- Location within the regional unit
- Ion Dragoumis Location within Greece
- Coordinates: 40°25′N 21°22′E﻿ / ﻿40.417°N 21.367°E
- Country: Greece
- Geographic region: Macedonia
- Administrative region: Western Macedonia
- Regional unit: Kastoria
- Municipality: Argos Orestiko

Area
- • Municipal unit: 134.3 km^{2} (51.9 sq mi)

Population (2021)
- • Municipal unit: 2,357
- • Municipal unit density: 17.55/km^{2} (45.45/sq mi)
- Time zone: UTC+2 (EET)
- • Summer (DST): UTC+3 (EEST)
- Vehicle registration: KT

= Ion Dragoumis (municipal unit) =

Ion Dragoumis (Ίων Δραγούμης) is a municipal unit of Argos Orestiko municipality in the Kastoria regional unit, Western Macedonia, Greece.

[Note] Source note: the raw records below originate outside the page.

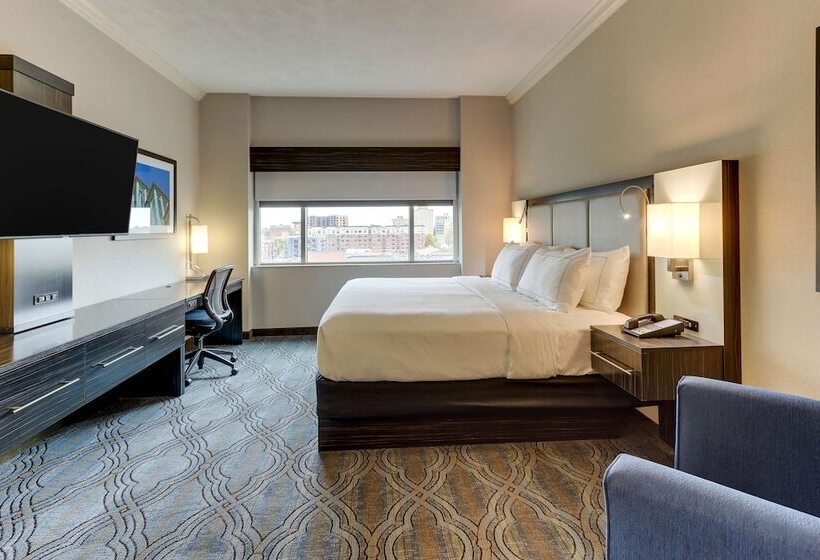 스탠다드 스튜디오 더블 침대, Doubletree By Hilton St. Louis Forest Park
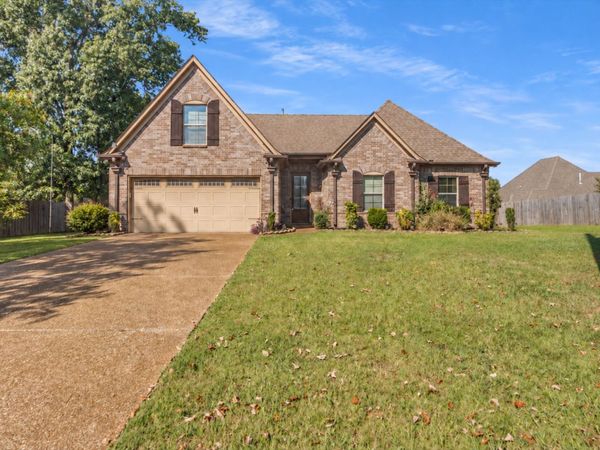 1417 Pisgah Rd, Cordova, TN 38016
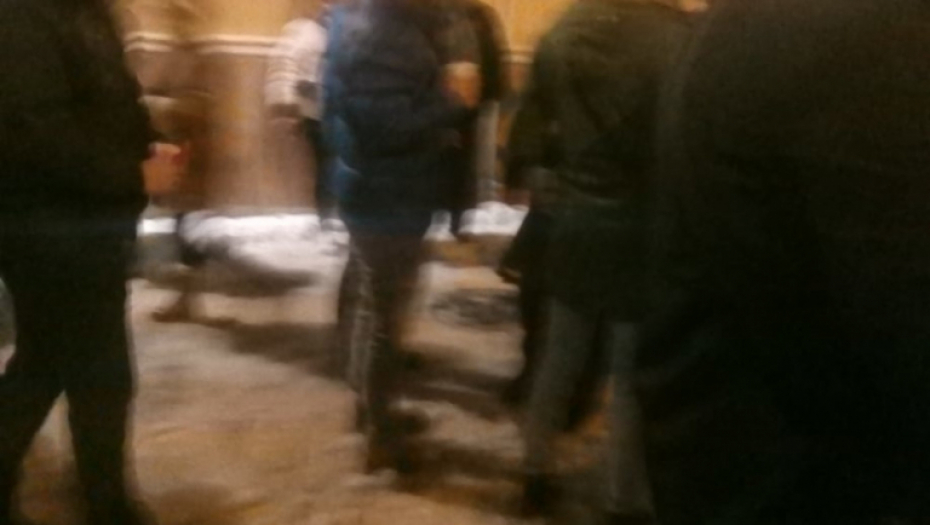 Đilasovi simpatizeri se opijaju na protestu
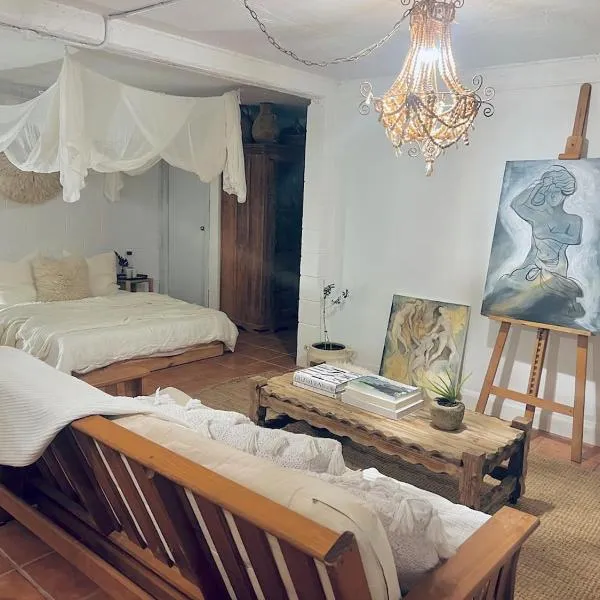 Villa Saint George Byron Hinterland，位于克伦司的酒店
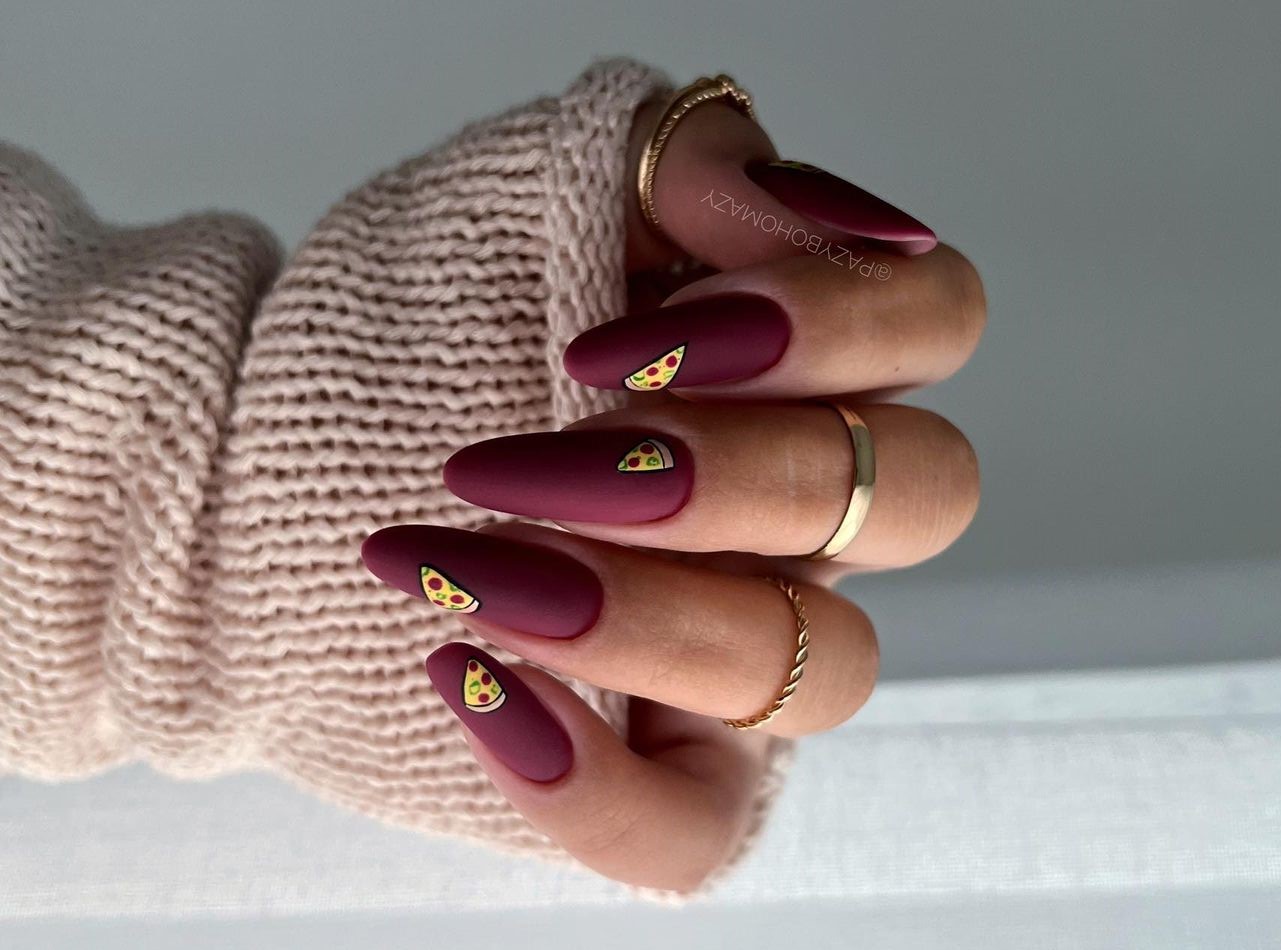 Unhas com decorações inusitadas 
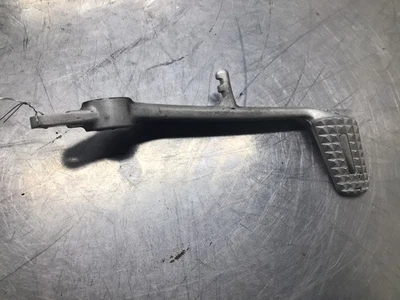 2006 Triumph Daytona 675 тройной OEM правая задняя тормозная ножная педаль - Изображение 1 из 4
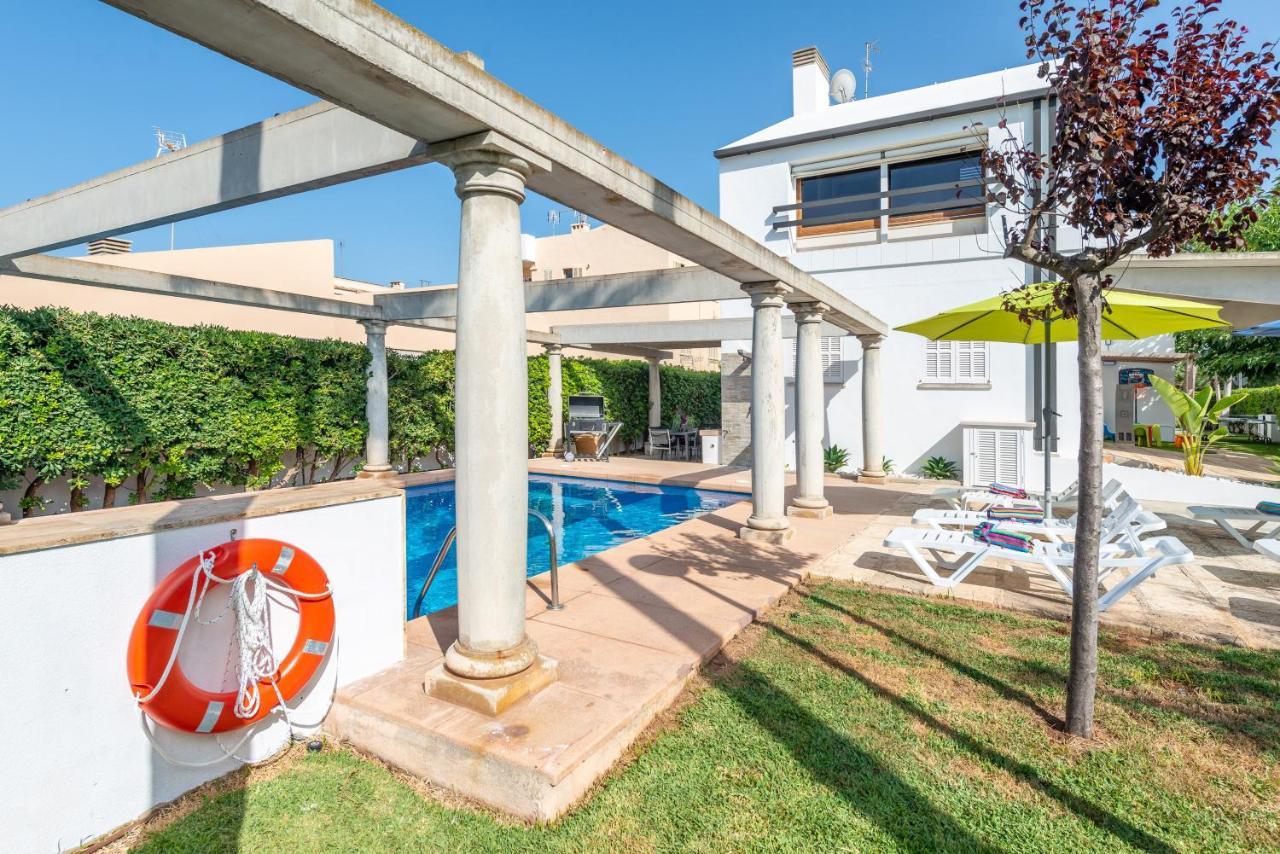 Estrel Villa Can Picafort  Exterior photo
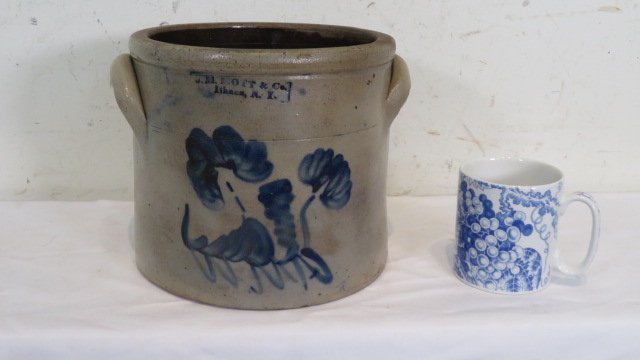 1-gal stoneware jar, signed J.M. Mott & Co., Ithaca, NY (1 of 8)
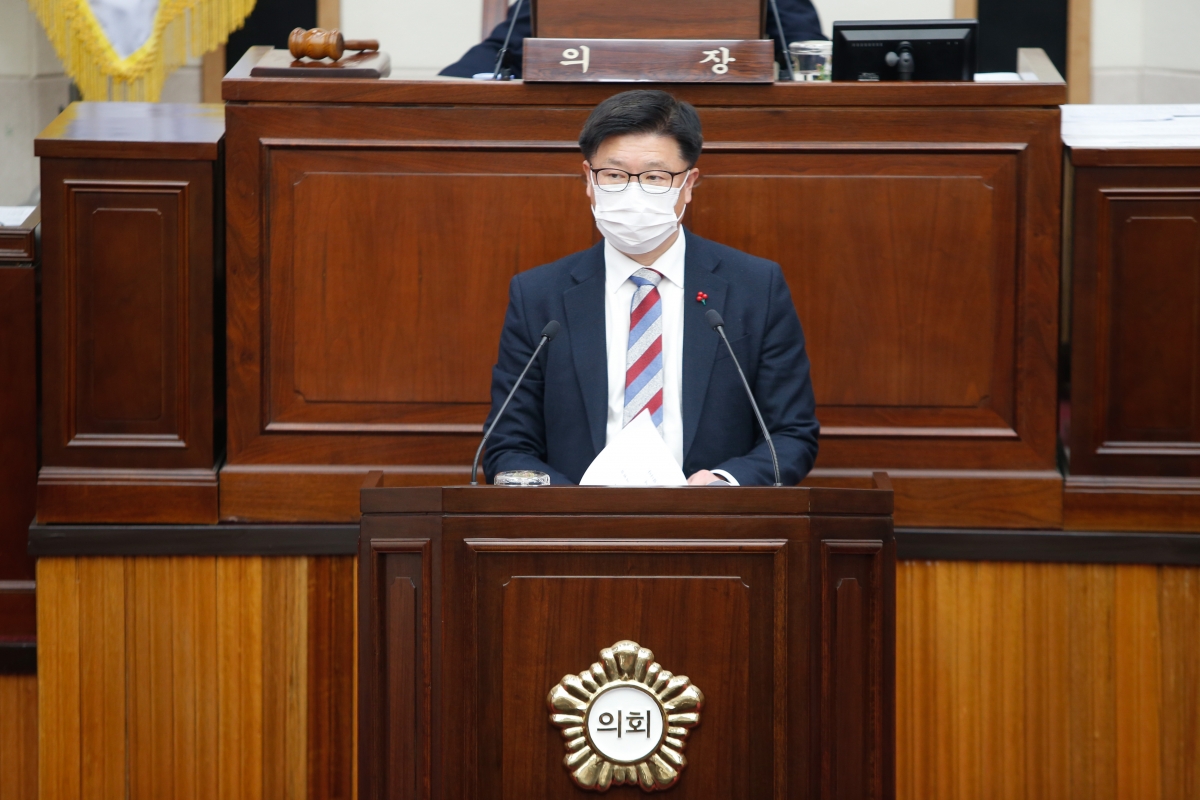 20220118-037[_P7U5879-제255회 임시회 제1차 본회의시 전국체육대회 행정사무감사특별위원장에 호선된 김낙관 의원 인사.jpg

Until the 2011 local government reform it was a separate municipality. It was named after the Greek diplomat and protagonist of the Macedonian Struggle, Ion Dragoumis. The municipal unit has an area of 134.335 km^{2}, and a population of 2,899 (2011). The seat of the former municipality was in Vogatsiko.